- _Exercise inputs_
::::

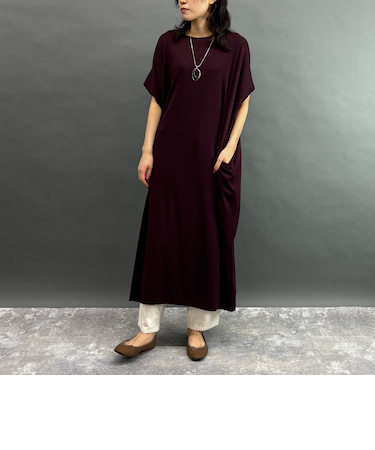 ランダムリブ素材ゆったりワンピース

::::

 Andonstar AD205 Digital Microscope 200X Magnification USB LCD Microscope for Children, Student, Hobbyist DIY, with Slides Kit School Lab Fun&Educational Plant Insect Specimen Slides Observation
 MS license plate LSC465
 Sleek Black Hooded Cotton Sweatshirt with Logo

::::

- _What to work on_
Go through the data and return each line where the word "with" appears.

- _Written response_
 Andonstar AD205 Digital Microscope 200X Magnification USB LCD Microscope for Children, Student, Hobbyist DIY, with Slides Kit School Lab Fun&Educational Plant Insect Specimen Slides Observation
 Sleek Black Hooded Cotton Sweatshirt with Logo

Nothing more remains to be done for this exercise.